EXERCISE PROMPT: Using the data below, transcribe exactly everything from the line that contains "Pumpmaster SEV-50 Engine" down to the line that contains "Markkissa - Give". Include both of those lines and none of the pictures.

*** DATA FOR PROCESSING Section Begins ***

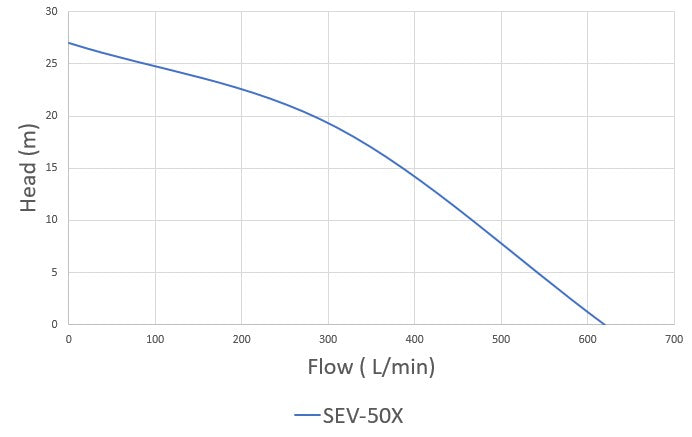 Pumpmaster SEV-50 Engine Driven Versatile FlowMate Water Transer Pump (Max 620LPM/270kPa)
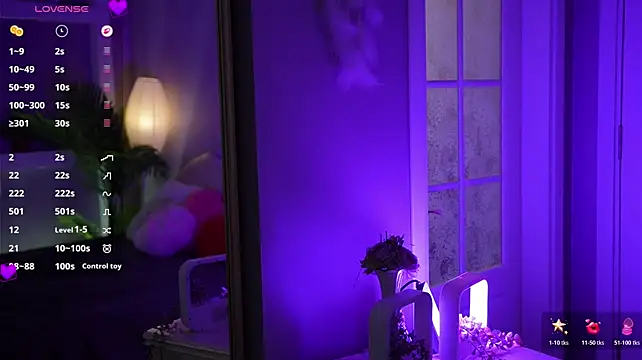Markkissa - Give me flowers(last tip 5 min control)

*** DATA FOR PROCESSING Section Ends ***
*** DATA FOR PROCESSING Section Begins ***

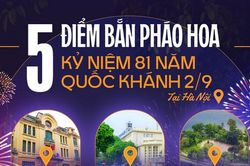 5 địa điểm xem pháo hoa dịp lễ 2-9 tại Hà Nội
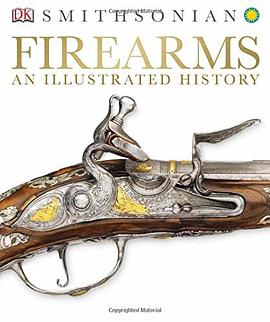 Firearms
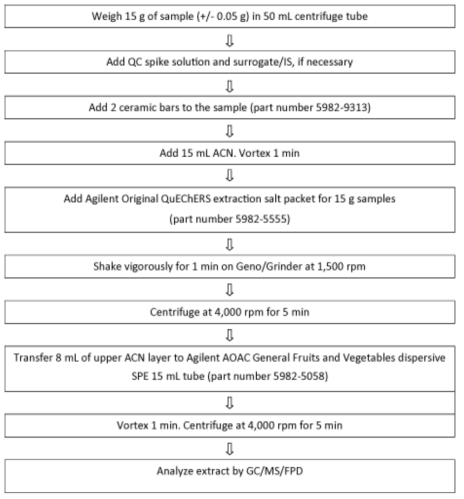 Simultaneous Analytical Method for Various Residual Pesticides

*** DATA FOR PROCESSING Section Ends ***

RESULT:
 Pumpmaster SEV-50 Engine Driven Versatile FlowMate Water Transer Pump (Max 620LPM/270kPa)
Markkissa - Give me flowers(last tip 5 min control)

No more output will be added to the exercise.